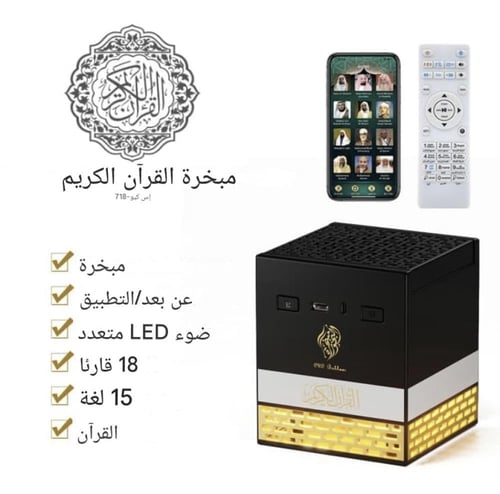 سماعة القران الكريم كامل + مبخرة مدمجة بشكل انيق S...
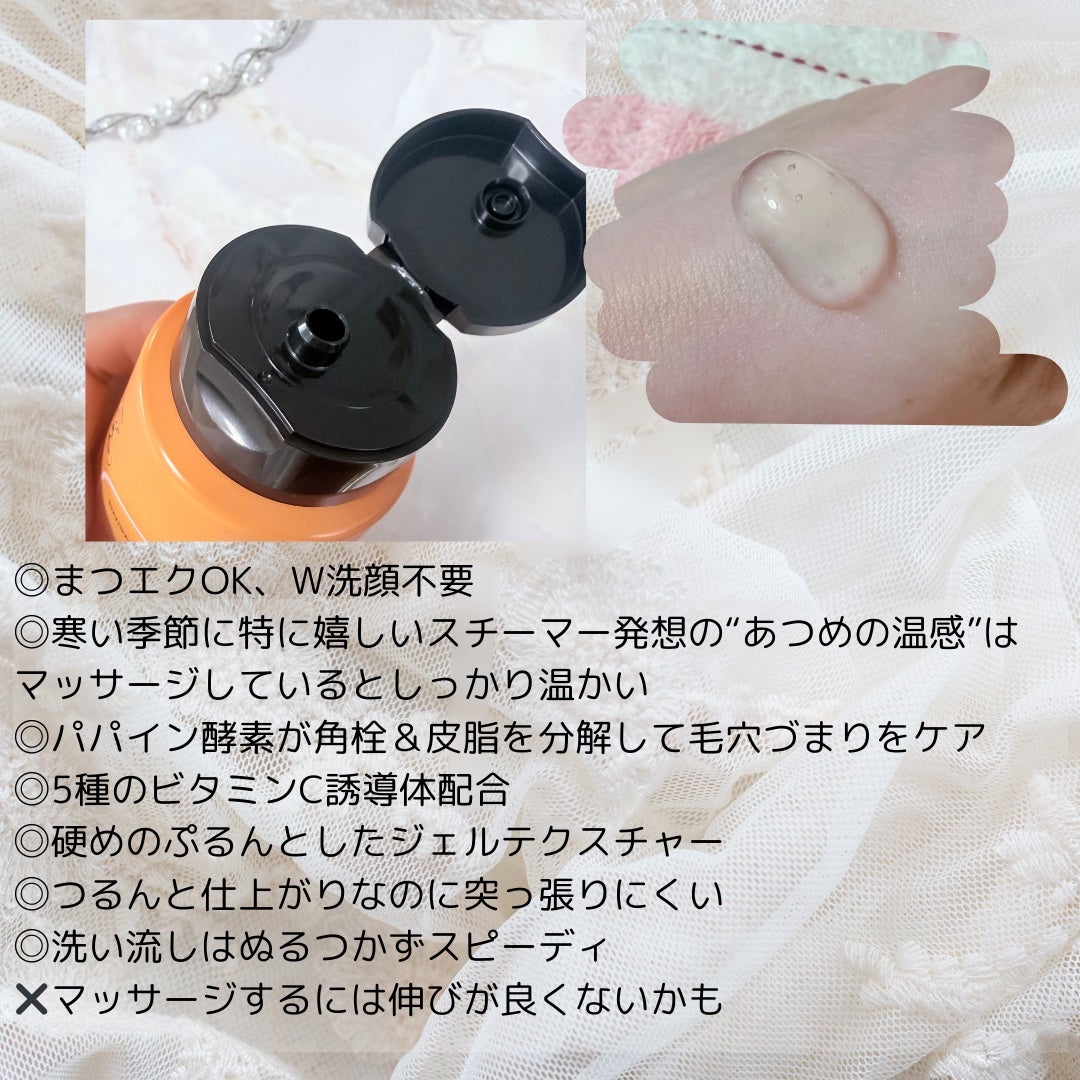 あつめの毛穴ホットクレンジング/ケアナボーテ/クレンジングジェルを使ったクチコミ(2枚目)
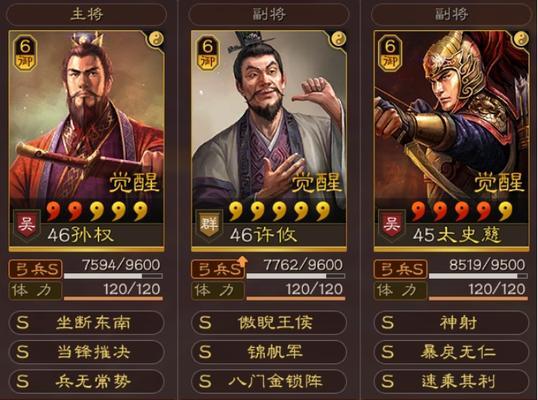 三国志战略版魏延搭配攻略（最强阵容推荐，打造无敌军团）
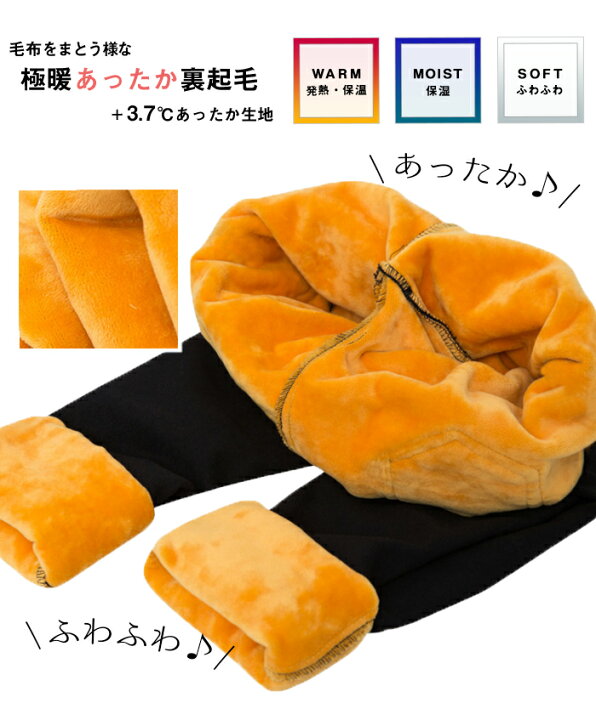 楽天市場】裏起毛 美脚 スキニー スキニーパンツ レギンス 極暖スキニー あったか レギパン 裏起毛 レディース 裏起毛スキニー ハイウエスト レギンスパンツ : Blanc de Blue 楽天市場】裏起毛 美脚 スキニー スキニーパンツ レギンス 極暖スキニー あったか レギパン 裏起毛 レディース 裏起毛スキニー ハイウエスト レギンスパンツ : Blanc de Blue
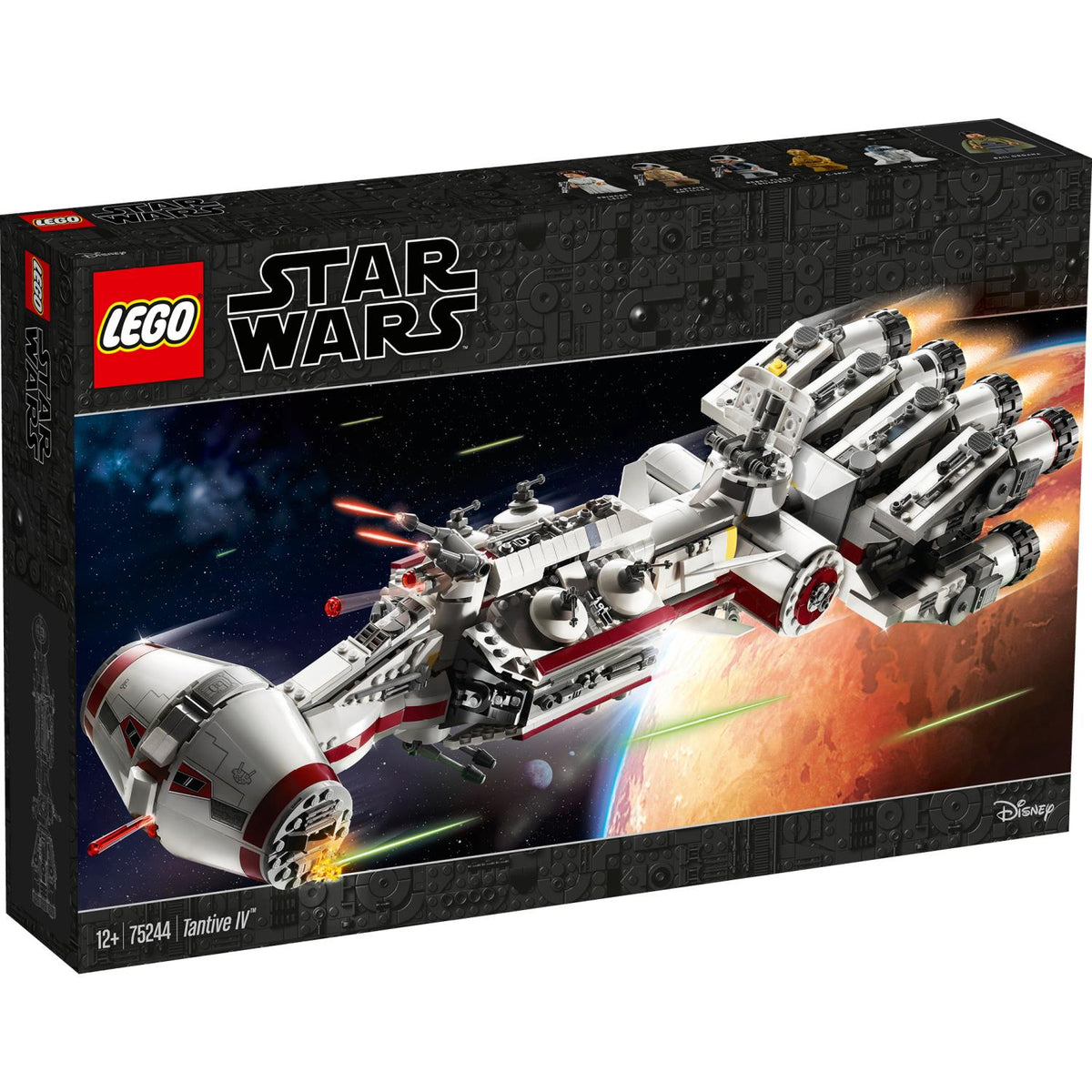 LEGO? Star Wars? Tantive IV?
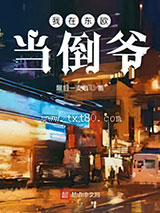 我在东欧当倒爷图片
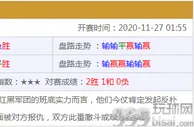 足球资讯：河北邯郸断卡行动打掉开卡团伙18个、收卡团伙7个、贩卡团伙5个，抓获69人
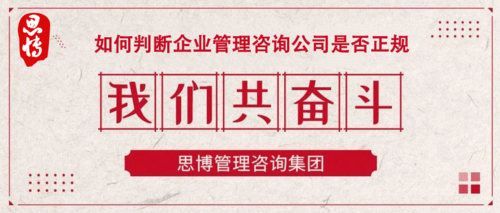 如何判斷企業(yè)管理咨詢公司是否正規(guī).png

....

• **Required action**
All of the material is to be reproduced verbatim, pictures excluded.

• **Solution**
 سماعة القران الكريم كامل + مبخرة مدمجة بشكل انيق S...
 あつめの毛穴ホットクレンジング/ケアナボーテ/クレンジングジェルを使ったクチコミ(2枚目)
 三国志战略版魏延搭配攻略（最强阵容推荐，打造无敌军团）
 楽天市場】裏起毛 美脚 スキニー スキニーパンツ レギンス 極暖スキニー あったか レギパン 裏起毛 レディース 裏起毛スキニー ハイウエスト レギンスパンツ : Blanc de Blue 楽天市場】裏起毛 美脚 スキニー スキニーパンツ レギンス 極暖スキニー あったか レギパン 裏起毛 レディース 裏起毛スキニー ハイウエスト レギンスパンツ : Blanc de Blue
 LEGO? Star Wars? Tantive IV?
 我在东欧当倒爷图片
 足球资讯：河北邯郸断卡行动打掉开卡团伙18个、收卡团伙7个、贩卡团伙5个，抓获69人
 如何判斷企業(yè)管理咨詢公司是否正規(guī).png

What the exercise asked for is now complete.